Review: Jack and the Beanstalk, by the Riverside Players
PUBLISHED: 12:00 22 February 2020
In the depths of Newton Poppleford lurked a giant and a beanstalk ...
The story unfolded at the village hall and was ably told by the Riverside Players.
With all the ingredients for a good family panto, this was a gem: a strong cast, wonderful costumes and a very good MD in John Griswold.
Lighting and sound were done well, with Tony Hill and David Jeffery on the button.
Jack and the Beanstalk got off to a cracking start with boos and hisses greeting wicked Wizard Sauerkraut, played by Chris Holland. With a great singing voice, he relished the role and was scolded and kept in place by Fairy Sugardust, charmingly played by Tanya Rees.
Princess Charlotte (Martha Squire) looked stunning and made a super couple with Jack (Harriet Squire), who looked every inch the thigh-slapping Principal Boy. Their singing was charming and they blended well.
Rancid the Ratman (Tim Alsford) was creepily subservient to both Sauerkraut and the giant, Buster Gutbucket, ably played by Derek Rigby.
Simple Simon (Florence Squire) had the audience eating out of the palm of her hand with some well-delivered gags.
As Dame Dotty Dimple, Gavin Haines performed with relish and had good comic timing and expressions that everyone enjoyed.
King Crumble (Simon Newell) and Queen Apricot (Juliet Squire) made these roles their own, and I Remember it Well was perfect and endearing.
Humphrey the Equerry was a super part for Paul Kinson. Nathan Wakefield and Abi Bryson as the Broker's Men were perfect, sustaining Scottish accents throughout.
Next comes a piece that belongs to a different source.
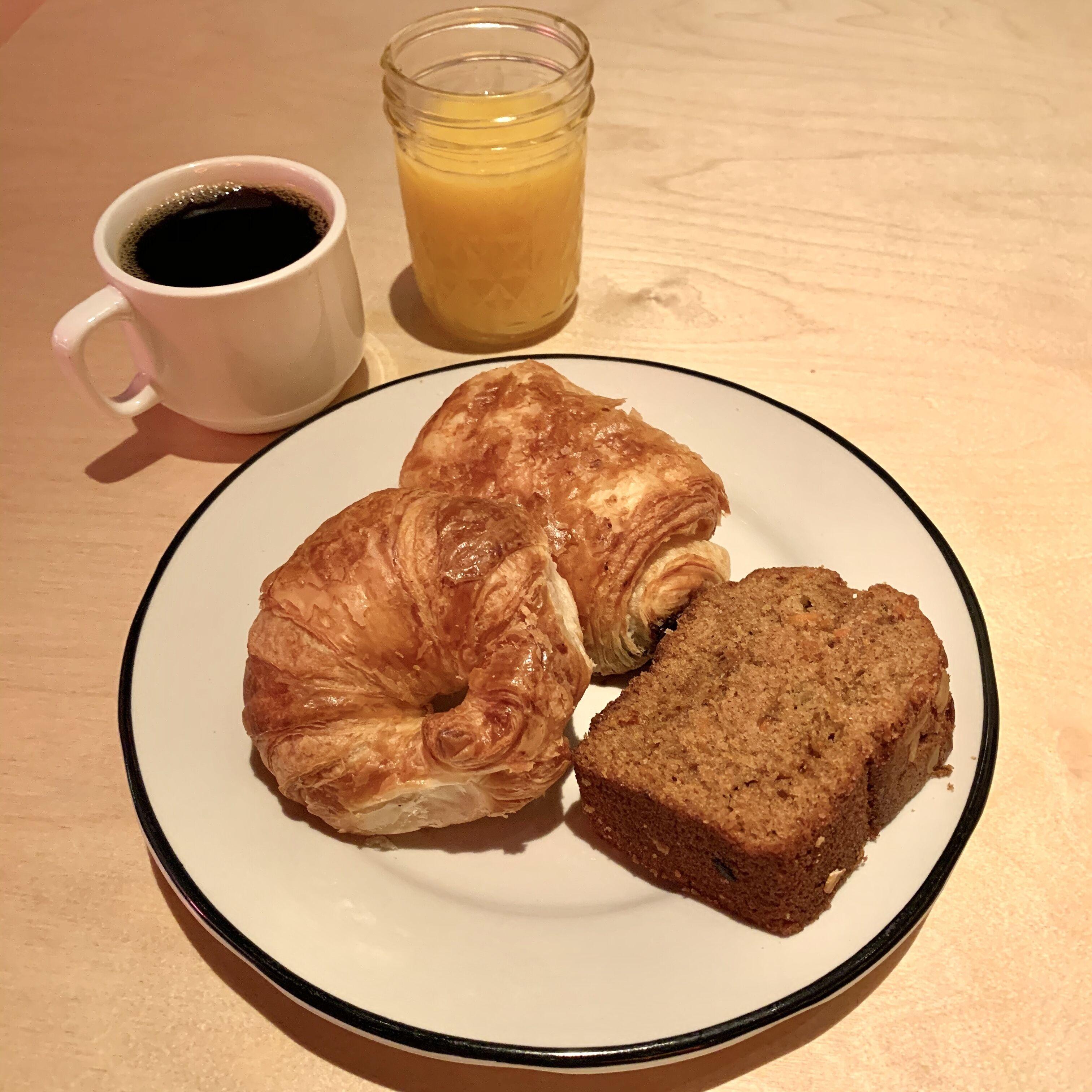 Kixby (adults Only) Hotel New York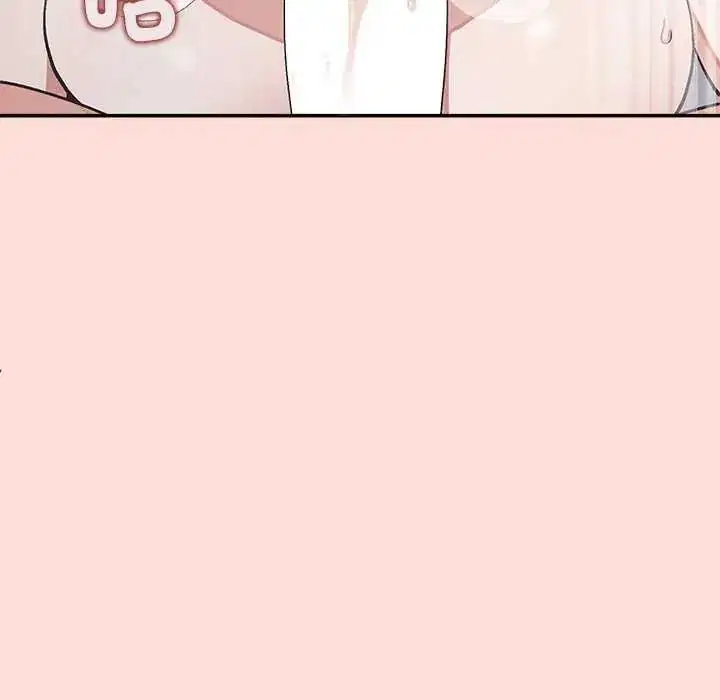 第42話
Ellen Cox as Buttercup the cow gave a wonderful rendition of Dear Little Buttercup and Martha Cox as the Golden Hen clucked effectively and laid the vital golden egg. Superb support came from Di McKay, who seemed to be in almost every scene.
A strong chorus of six youngsters were a treat to watch - Director 'Tricia Barclay is so good at encouraging children to perform with confidence. The Riverside Players are consistent in offering a traditional pantomime, with local jokes, slapstick and song. Just what the doctor ordered for a chilly dark night in winter.